§ Task details: Repeat the data exactly. Pictures are not part of the copy.

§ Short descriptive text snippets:

☆ ☆ ☆

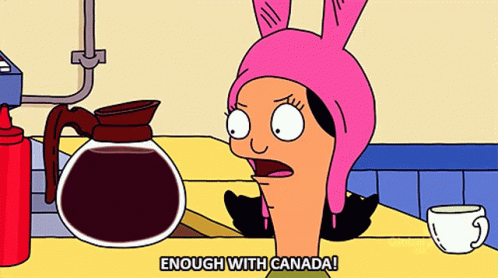 A Cartoon Character Says " Enough With Canada " GIF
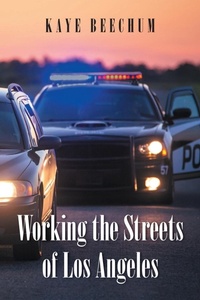 Abbildung von: Working the Streets of Los Angeles - Newman Springs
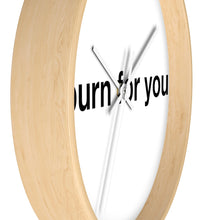 Load image into Gallery viewer, I Burn For You -Wall clock
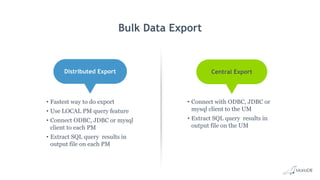 • Connect with ODBC, JDBC or
mysql client to the UM
• Extract SQL query results in
output file on the UM
Bulk Data Export
Distributed Export Central Export
• Fastest way to do export
• Use LOCAL PM query feature
• Connect ODBC, JDBC or mysql
client to each PM
• Extract SQL query results in
output file on each PM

☆ ☆ ☆

§ Solution for this task:
 A Cartoon Character Says " Enough With Canada " GIF
 Abbildung von: Working the Streets of Los Angeles - Newman Springs
 Load image into Gallery viewer, I Burn For You -Wall clock
 • Connect with ODBC, JDBC or
mysql client to the UM
• Extract SQL query results in
output file on the UM
Bulk Data Export
Distributed Export Central Export
• Fastest way to do export
• Use LOCAL PM query feature
• Connect ODBC, JDBC or mysql
client to each PM
• Extract SQL query results in
output file on each PM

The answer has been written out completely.